Es también una conquista del lenguaje, que deja atrás por fin una etiqueta ya
oxidada como era “cambio climático”. Pudo estar bien tiempo atrás y bien estuvo
que se generalizara en la opinión pública, pero se ha quedado sin significado a
medida que la tragedia climática se ha adueñado de la realidad. De ahí la
importancia de la antedicha resolución para adecuarse al momento actual y casi
futuro y a las posibilidades del diccionario.
En
el campo lingüístico se libran verdaderas batallas, de ahí la trascendencia de
cuidar nuestras competencias en esa materia. Baste recordar que en la fase más
aguda de las últimas crisis los palabreros repetían con insistencia que
nuestros derechos eran en realidad privilegios, de tal modo que la consecuencia inmediata –lo
que en verdad se perseguía– era fracturar la sociedad entre quienes los tenían
y quienes por esa razón verbal no llegaban a alcanzarlos: personas empleadas
frente a desempleadas, jóvenes frente a adultos, pensionistas frente a no
pensionistas… Por eso mismo, la teoría y el pensamiento son así mismo una lucha
política de primer orden: no actuaremos de otra forma, no pensaremos de otra
forma si no hablamos de otra forma.
Y
en eso llegó PISA nuevamente y su informe sobre nuestro dudoso nivel formativo.

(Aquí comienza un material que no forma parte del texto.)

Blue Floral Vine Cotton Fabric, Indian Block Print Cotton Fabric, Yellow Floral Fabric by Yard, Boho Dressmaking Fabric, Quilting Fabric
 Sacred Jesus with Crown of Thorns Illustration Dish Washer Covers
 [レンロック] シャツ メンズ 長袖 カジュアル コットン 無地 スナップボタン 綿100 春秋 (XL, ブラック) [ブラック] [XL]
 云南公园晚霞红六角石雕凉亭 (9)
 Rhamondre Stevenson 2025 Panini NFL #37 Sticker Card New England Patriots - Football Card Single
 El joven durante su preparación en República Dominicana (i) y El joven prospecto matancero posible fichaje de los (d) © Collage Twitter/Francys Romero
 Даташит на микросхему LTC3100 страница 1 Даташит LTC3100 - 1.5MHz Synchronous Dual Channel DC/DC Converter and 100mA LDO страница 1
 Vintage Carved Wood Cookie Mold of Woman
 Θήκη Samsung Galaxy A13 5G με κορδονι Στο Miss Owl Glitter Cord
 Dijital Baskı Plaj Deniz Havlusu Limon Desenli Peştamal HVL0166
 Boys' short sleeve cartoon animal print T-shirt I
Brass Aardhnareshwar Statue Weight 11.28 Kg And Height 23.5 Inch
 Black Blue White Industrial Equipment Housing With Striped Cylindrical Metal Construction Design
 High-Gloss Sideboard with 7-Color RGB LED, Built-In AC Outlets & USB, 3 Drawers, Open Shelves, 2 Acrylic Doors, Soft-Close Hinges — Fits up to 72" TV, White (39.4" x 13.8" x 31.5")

A pesar de que en esta edición la comprensión lectora ha quedado fuera del
análisis por “anomalías” detectadas en las pruebas, los resultados poco
benignos en matemáticas y en ciencias hacen pensar que tampoco el panorama del
lenguaje estará para tirar cohetes. Es decir, para tener confianza en nuevos
pensamientos y en nuevas acciones. Más bien, contrastado el informe con nuestro
entorno general, la impresión también aquí es de auténtica emergencia. Así
sucede en nuestras expresiones cotidianas, en los supuestos medios de
comunicación y en los parlamentos todos.